_Action item_
Print the data below again in full, exactly as it stands, with no images.

_Data excerpt_
######

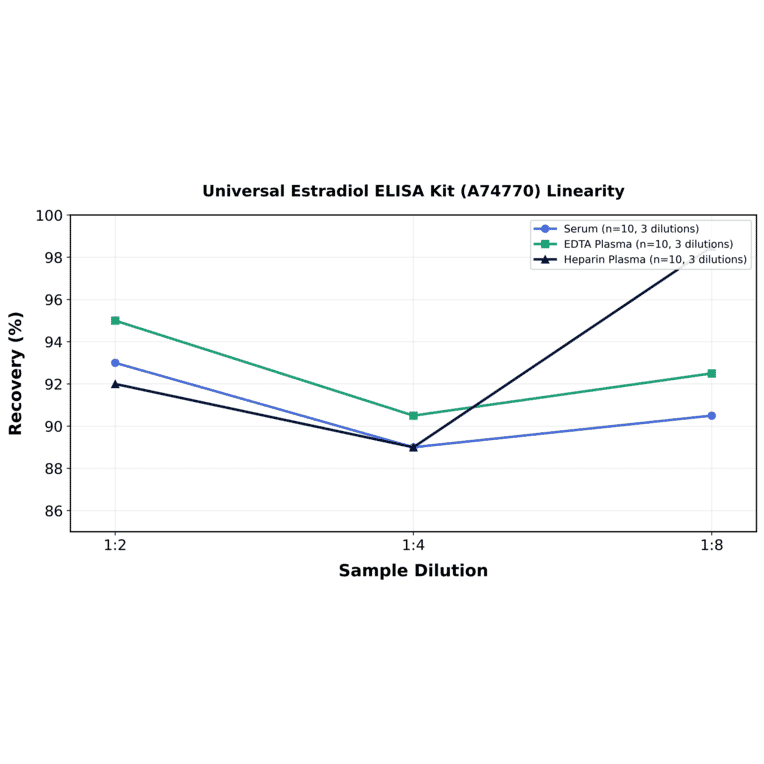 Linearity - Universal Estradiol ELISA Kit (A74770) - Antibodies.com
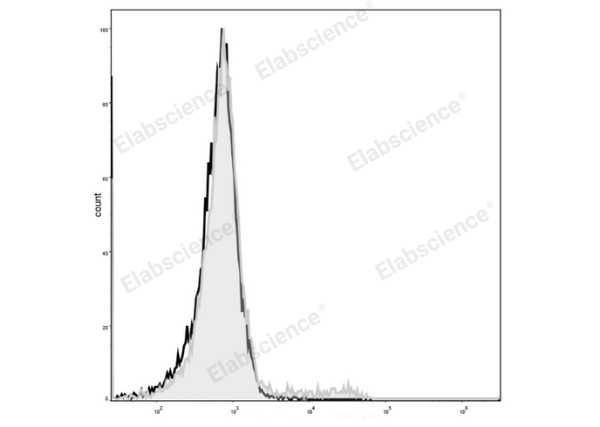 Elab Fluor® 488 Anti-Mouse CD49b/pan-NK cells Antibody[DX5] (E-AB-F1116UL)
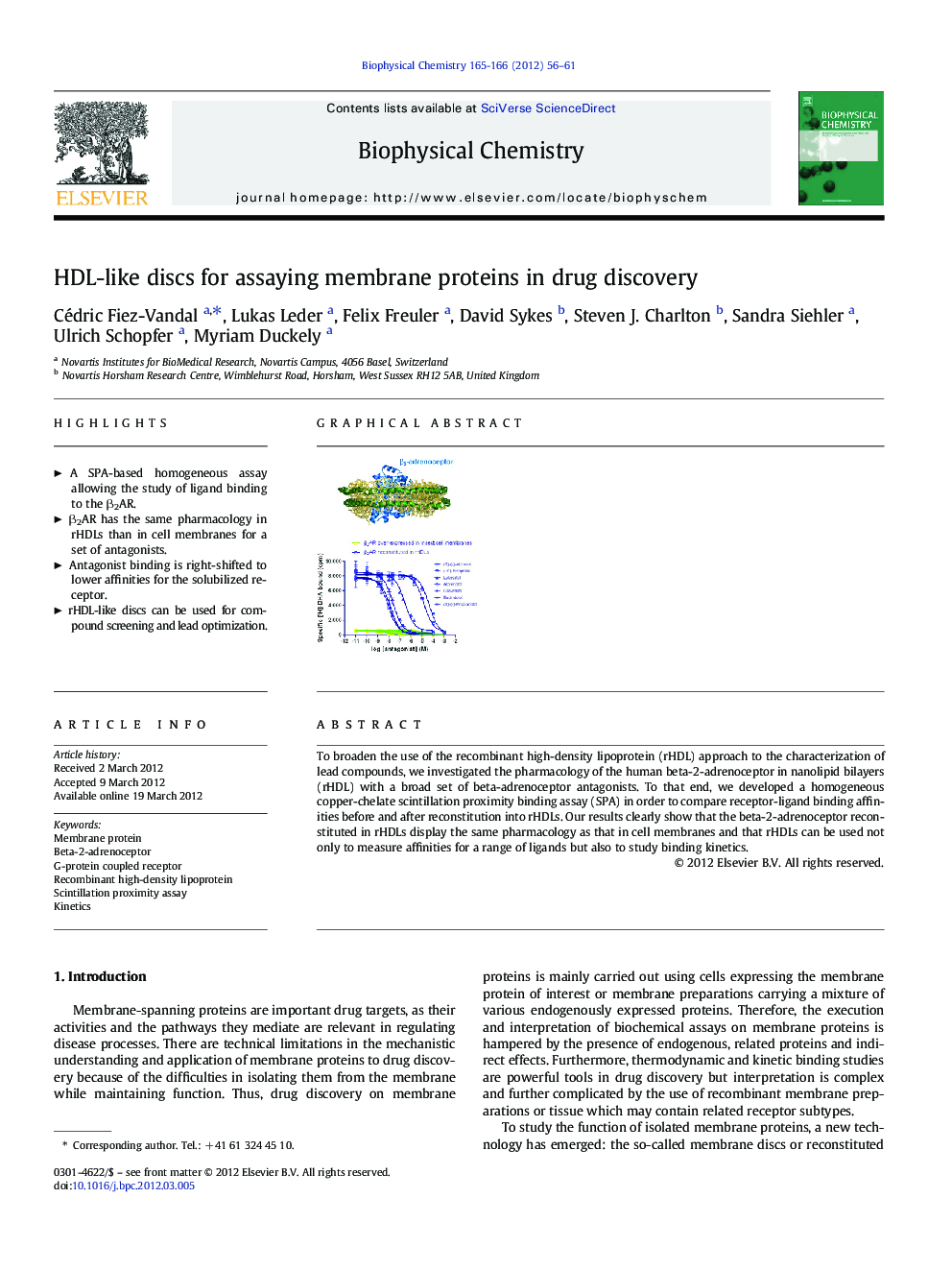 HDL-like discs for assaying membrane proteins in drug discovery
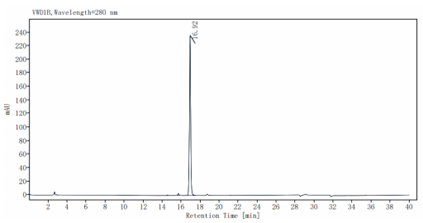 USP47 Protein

######

_Response to this exercise_
 Linearity - Universal Estradiol ELISA Kit (A74770) - Antibodies.com
 Elab Fluor® 488 Anti-Mouse CD49b/pan-NK cells Antibody[DX5] (E-AB-F1116UL)
 HDL-like discs for assaying membrane proteins in drug discovery
 USP47 Protein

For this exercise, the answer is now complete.